ECLI:NL:RBLIM:2016:6006

Rechtbank Limburg

Datum uitspraak
13 juli 2016
Publicatiedatum
13 juli 2016
Zaaknummer
AWB - 15 _ 2839u
Instantie
Rechtbank Limburg
Type
Uitspraak
Rechtsgebied
Bestuursrecht; Ambtenarenrecht
Procedures
  • Bodemzaak
Rechters
Vindplaatsen
  • Rechtspraak.nl
AI samenvatting door LexboostAutomatisch gegenereerd

Ontslag van een ambtenaar wegens ongeschiktheid voor de functie van complexbeveiliger

In deze zaak heeft de Rechtbank Limburg op 13 juli 2016 uitspraak gedaan in een geschil tussen een ambtenaar, eiser, en de Minister van Veiligheid en Justitie, verweerder, over een ontslagbesluit. Eiser was sinds 2002 in dienst bij de Dienst Justitiële Inrichtingen en was per 2011 aangesteld als complexbeveiliger. In maart 2015 verleende verweerder eiser eervol ontslag wegens ongeschiktheid voor zijn functie, onder verwijzing naar artikel 98, eerste lid, aanhef en onder g, van het Algemeen Rijksambtenarenreglement (ARAR). Verweerder stelde dat eiser sinds 2011 regelmatig op zijn functioneren was aangesproken en dat hem meerdere kansen waren geboden om zijn functioneren te verbeteren, maar dat deze kansen niet tot verbetering hadden geleid.
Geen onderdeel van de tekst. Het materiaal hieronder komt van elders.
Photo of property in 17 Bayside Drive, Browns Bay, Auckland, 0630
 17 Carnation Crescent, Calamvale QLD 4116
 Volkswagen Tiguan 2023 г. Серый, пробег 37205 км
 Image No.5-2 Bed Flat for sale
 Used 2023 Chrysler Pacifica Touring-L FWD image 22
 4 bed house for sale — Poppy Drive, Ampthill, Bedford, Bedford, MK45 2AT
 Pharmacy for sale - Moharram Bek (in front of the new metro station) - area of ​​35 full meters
Eiser heeft tegen het ontslag bezwaar gemaakt en beroep ingesteld, waarbij hij aanvoerde dat er onvoldoende feiten waren die zijn ongeschiktheid onderbouwden en dat hij niet de juiste kansen had gekregen om zich te verbeteren. De rechtbank heeft vastgesteld dat er in de jaren voorafgaand aan het ontslag aandachtspunten waren in eisers functioneren, met name op het gebied van communicatie, samenwerking, initiatief en zelfreflectie. Ondanks dat er geen eindbeoordeling had plaatsgevonden, oordeelde de rechtbank dat verweerder voldoende had aangetoond dat eiser niet voldeed aan de functie-eisen van complexbeveiliger.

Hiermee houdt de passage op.